Déjà, en 2012, l’Ukraine se dévoilait comme une gigantesque maison de passe. C’est du moins ce qu’on pouvait lire sur les poitrines des Femen en réaction contre le tourisme sexuel ayant cours lors d’un championnat de soccer européen. Mais les forces patriarcales qui y sévissaient s’exposent ici sous un tout autre angle, plus terrifiant, c’est-à-dire au sein même du groupe « sextrémiste ».
On a pratiquement tout dit sur les Femen depuis leurs débuts en 2008. Mais que sait-on du collectif au pays du temps de Viktor Ianoukovitch ? La documentariste australienne Kitty Green, qui a vécu 14 mois dans un 2 et demie pourri de Kyiv avec deux militantes, trace un portrait des origines de la bande.
Dans l’ambiance sombre synonyme de l’ère « postsoviétique », la caméra sensible de Green s’intéresse au quotidien des soldates Femen. Le train-train de ces minces ingénues aux cheveux topaze n’a rien d’instructif du point de vue militant, si ce n’est pour effleurer la dépersonnalisation au nom de la lutte : on se peint les seins, on les lave, on scrute frénétiquement nos actions sur Internet, on s’étire parce qu’on travaille comme danseuse nue ou on s’entraîne à maintenir de beaux abdominaux.
Mais à travers les bruissements soyeux de la chevelure d’Inna Shevchenko, figure de proue du mouvement, on voit des ébréchures. Irina, sympathisante expulsée du groupe parce qu’elle souhaitait « garder son haut », est particulièrement troublante. Elle compare la « marque » Femen à la chaîne de restauration rapide McDonald’s. Alexandra, militante corpulente au crâne presque rasé, vêtue d’un simple string, sert de prétexte à une flash mob provocante où elle joue le rôle d’une « sex bomb ». Une action qui n’a jamais fait la une des Inrockuptibles ou du Charlie Hebdo…
Anna Hustol, souvent qualifiée de « tête pensante » du mouvement, n’offre pas de quoi se sustenter intellectuellement. « Si on reçoit de l’argent, ce n’est pas seulement parce qu’on est jolies, dit la petite rousse au visage sévère devant une affiche des Femen en petites culottes, c’est parce que l’argent appartient aux hommes et que c’est eux qui nous en envoient. »
De la Biélorussie à la Turquie, la tension du film est maintenue et ponctuée de plusieurs actions plus ou moins incriminables des filles.

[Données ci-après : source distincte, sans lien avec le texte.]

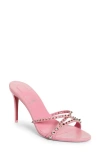 Christian Louboutin Tatoosh Spikes Red Sole Slide Sandals In Calipso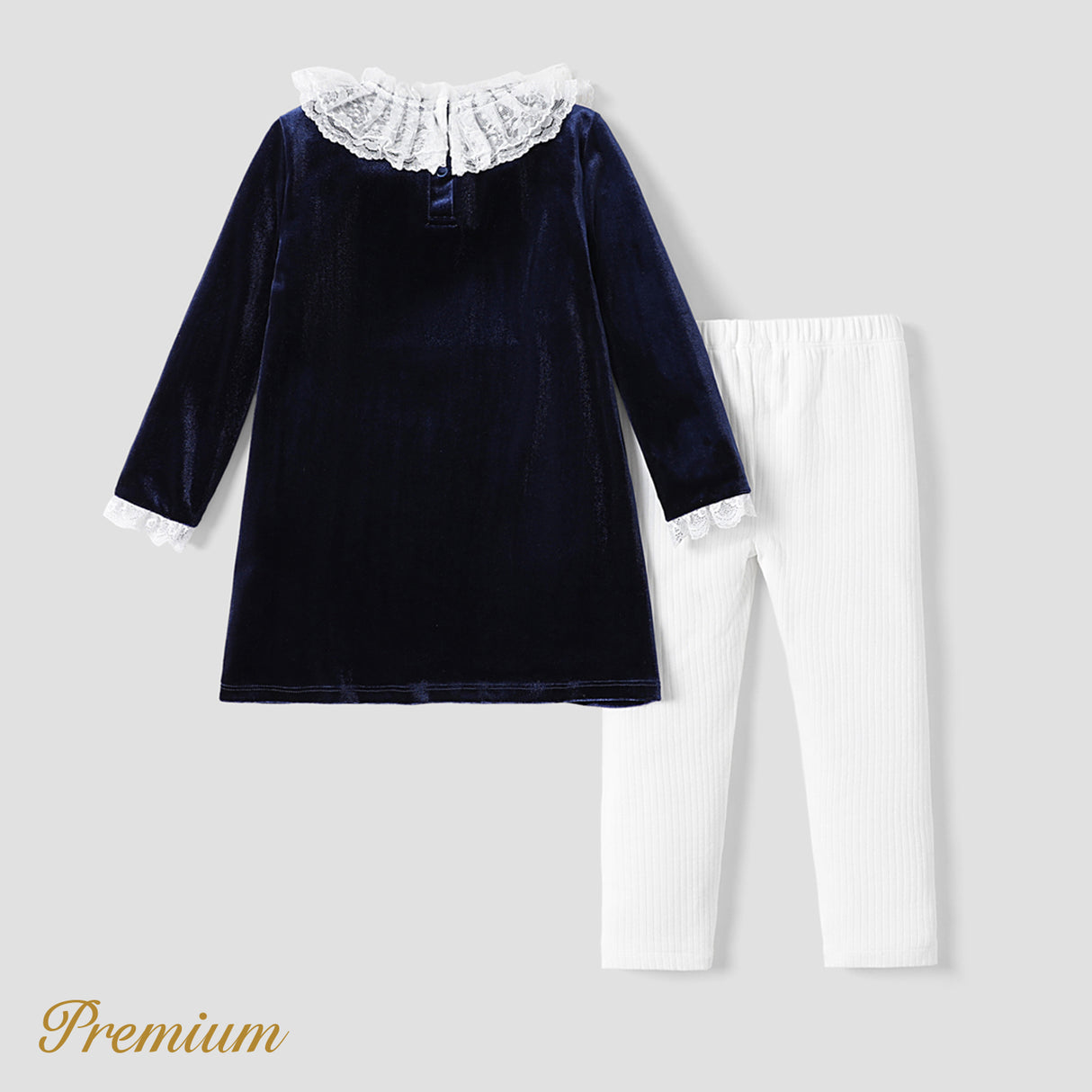 2pcs کڈ گرل خوبصورت ٹھوس رنگ کا کاٹن سیٹ رفل ایج کے ساتھ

L’une des principales tactiques est de se débattre et de crier dès que s’exécutent les forces policières. Kitty Green elle-même a été détenue plusieurs heures lors d’une intervention devant le KGB biélorusse.
Puis, le documentaire prend une tournure horrifiante alors qu’entre en scène Viktor Sviatski. Cet idéologue gênant, ce maître à penser halluciné, insiste à plusieurs reprises : « Ces filles sont faibles. Elles n’ont pas le désir d’être fortes[…] Il faut leur montrer comment militer. » Celui qui se présente comme fondateur des Femen et qui n’hésite pas à se comparer à Marx ou à Lénine laisse entendre qu’il l’a fait pour « avoir des filles » et qu’il est seulement un « esclave » de la société patriarcale.
Pire, le gourou de l’agit-prop de la cuisse (femen signifie « cuisse » en latin) décide s’il paie ou non les jeunes Cicciolina 200 $ « si elles performent bien » ! Pour Sasha, l’attachement à Sviatski s’apparente au syndrome de Stockholm. Pour Oksana, le groupe « Femen ne serait pas devenu ce qu’il est sans qu’un homme l’ait imaginé » ! De quoi pousser un cri hitchcockien !
Heureusement, le documentaire se termine sur la fuite d’Inna Shevchenko à Paris : « L’ère de Victor doit se terminer maintenant, dit-elle en versant quelques larmes. Nous pouvons mener les Femen depuis un autre pays où il ne pourra nous contrôler. » D’ailleurs, il a été exclu de toute activité depuis.
Le regard de Kitty Green apporte beaucoup pour comprendre le mouvement. Elle pensait filmer de « jeunes femmes nues aux méthodes de lutte très contradictoires » en arrivant à Kyiv. Certaines situations lui ont d’ailleurs fait grincer des dents, notamment lorsqu’un homme d’affaires puissant a utilisé la présence des Femen en Tunisie pour promouvoir de la lingerie. Mais après avoir vécu aussi près d’elles pendant des mois, Green s’est dite touchée par leur « force et leur honnêteté », espérant qu’elles feront de « meilleurs choix » pour le groupe.